It isn’t unusual for bass player Steve Kim to get calls from jazz musicians across the country to come join a gig or sit in on a recording session.
But, Kim says, perhaps his highest profile request right here at home from a hometown boy at a hometown venue. And it wasn’t jazz.
“I was playing jazz at ‘The Mix’ in Georgetown,” said Kim, who teaches both electric and upright bass at Shoreline Community College, not to mention jazz improvisation and music theory. “I’d been doing it for about a year and noticed this guy hanging around, always really late in the evening.”
Turned out the guy was Ben Shepherd, bassist for the legendary rock group Soundgarden, which was still on a 13-year break when he and Kim were introduced. “I didn’t know who he was at the time,” Kim said. “Of course, I knew of Soundgarden, but I spend most of my time doing jazz so I wasn’t real familiar.”
Kim was playing the upright bass with his group, Synthesis, at The Mix while Shepherd was working on material for a solo project. One night, Shepherd asked Kim to play on one of the tracks. That was in 2010.
“It just took a couple of hours at The Mix,” Kim said of the session and club that doubles as a rock music venue and recording studio. “Ben was very clear about what he wanted; he’s a very artistic guy with a lot of great ideas.”
The actual recording took only about 30 minutes, Kim said, and became “The Train You Can’t Win (Holes),” the final track on Shepherd’s new album, “In Deep Owl,” just released this past month.
That the project took three years to see the light of day was a function of Soundgarden’s resurgence, Kim says.
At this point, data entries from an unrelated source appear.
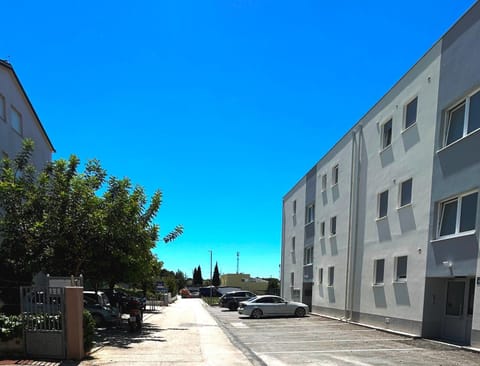 Property building, Parking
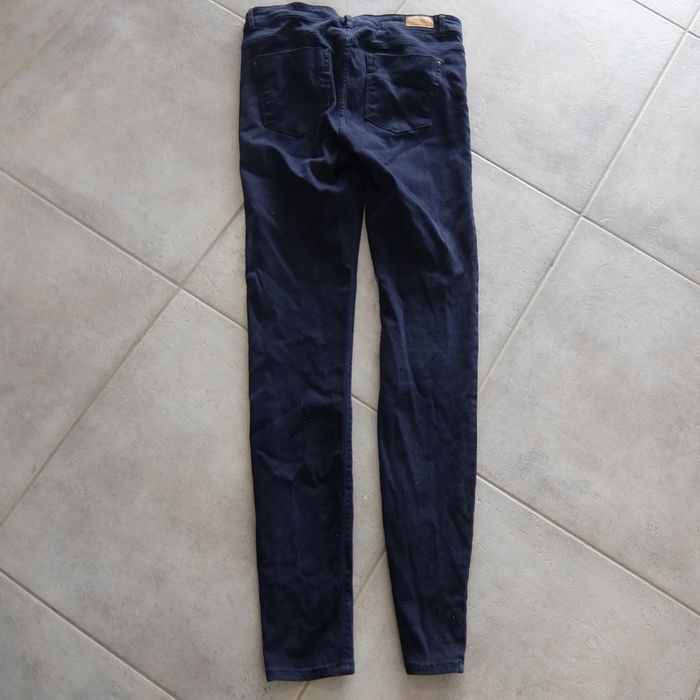 Jean bleu marine Zara - photo numéro 3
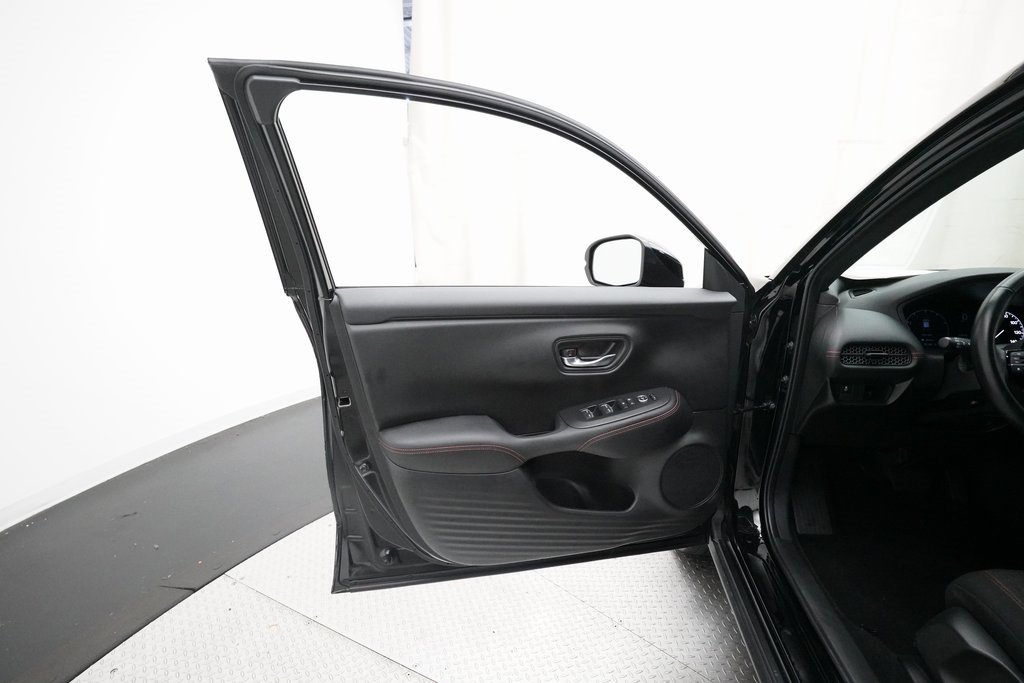 Certified 2025 Honda HR-V Sport image 27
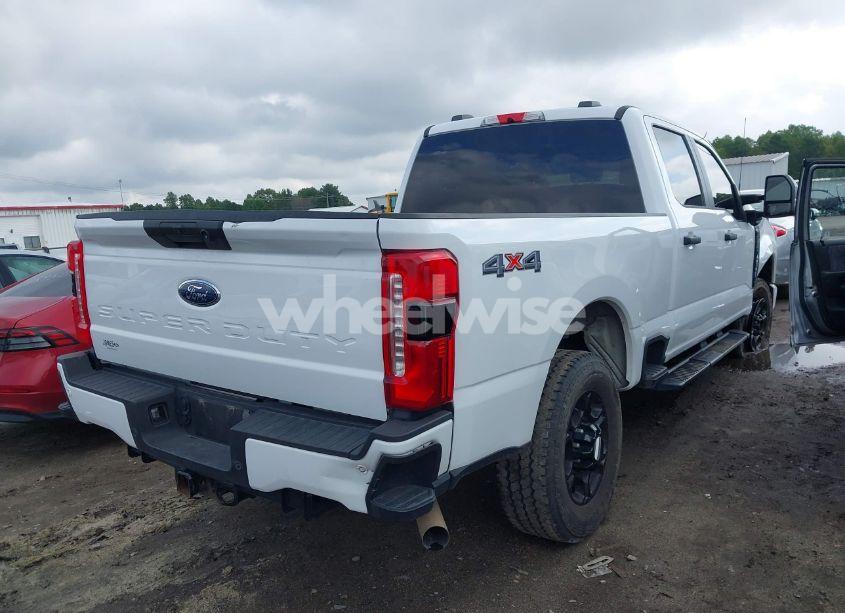 Photo 4 of 2023 Ford F-250 XL (VIN 1FT8W2BA5PED14193)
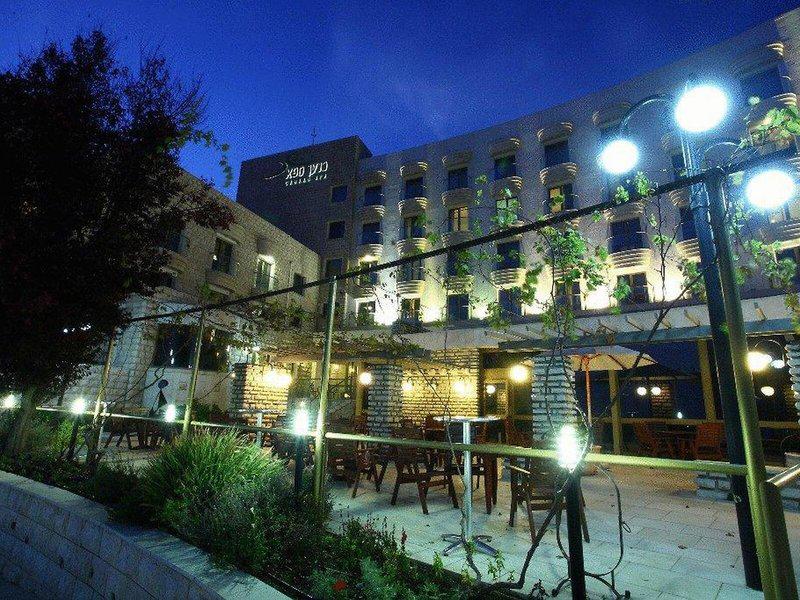 207E2ED4B643B20D388860DFAD7E642A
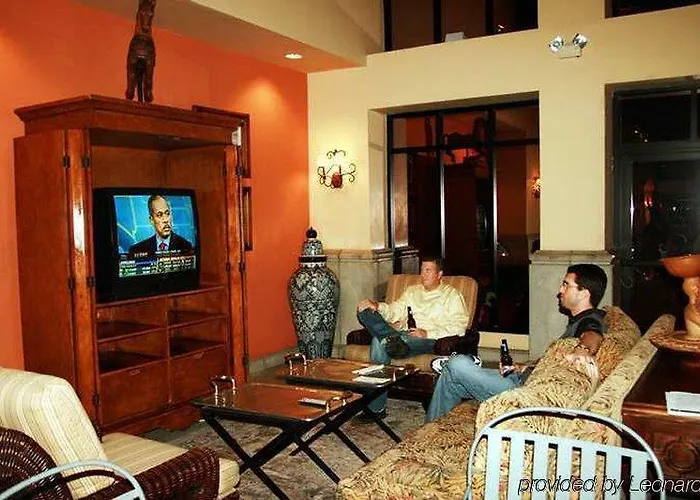 Hampton & Tucson Mall Casas Adobes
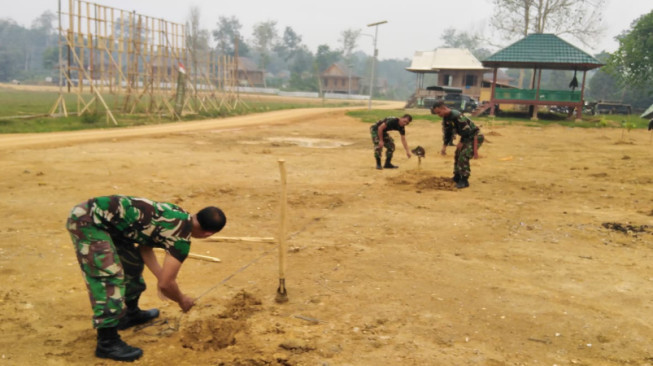Lestarikan Alam, Prajurit Siapkan Lubang Tanaman Penghijauan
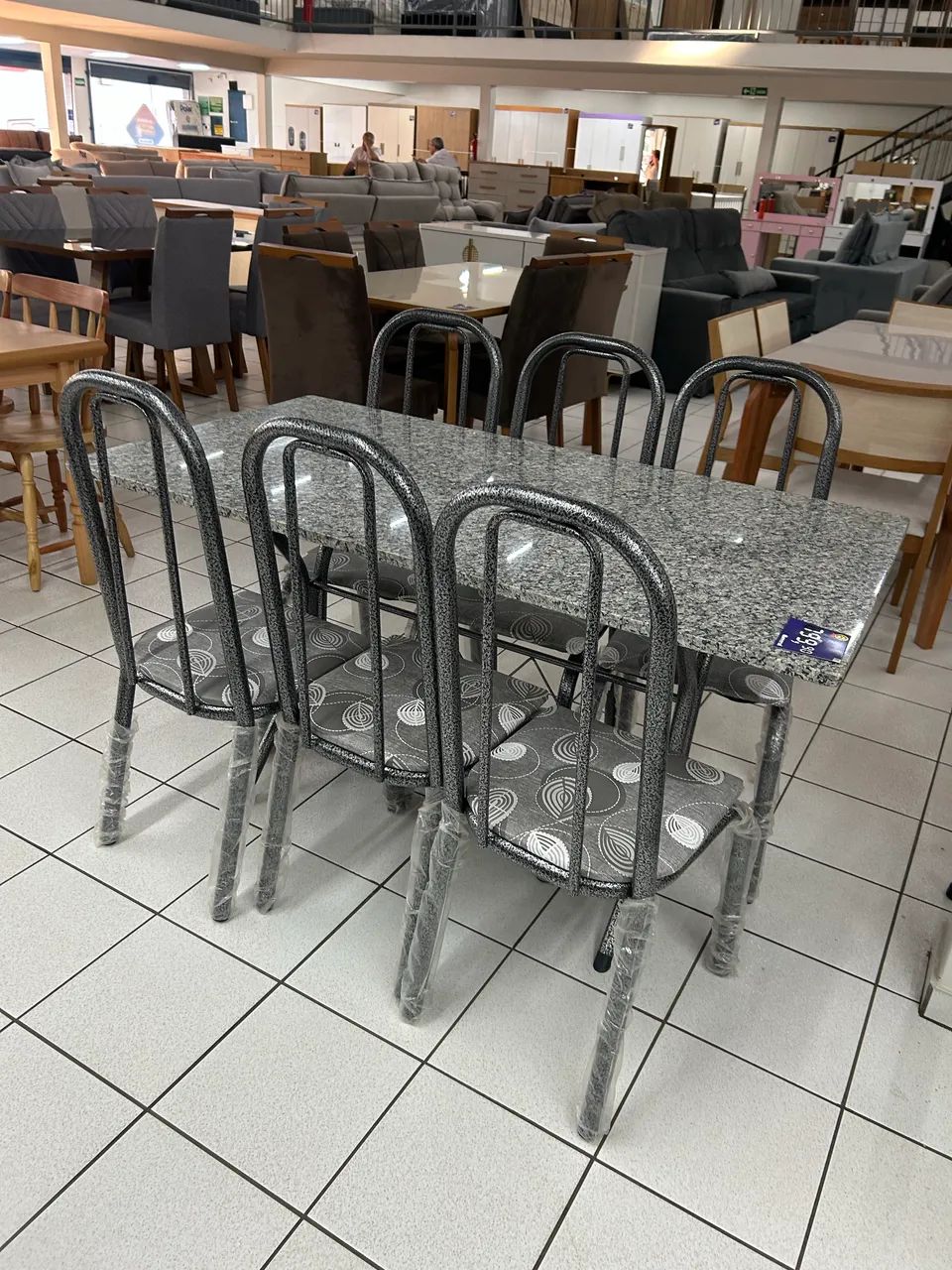 Mesa com 6 cadeiras NOVA R$799,00  - Foto 4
Shepherd and the band got back together soon after and began recording and touring again. “Actually, I think the ‘In Deep Owl’ project had something to do with them getting back together,” Kim said, noting that the album includes Shepherd fellow ’Gardener, Matt Cameron.
And what about the album’s title?
“I’ve heard the cabbies call Georgetown ‘Deep Owl,’” Kim said. “It’s where it was made.”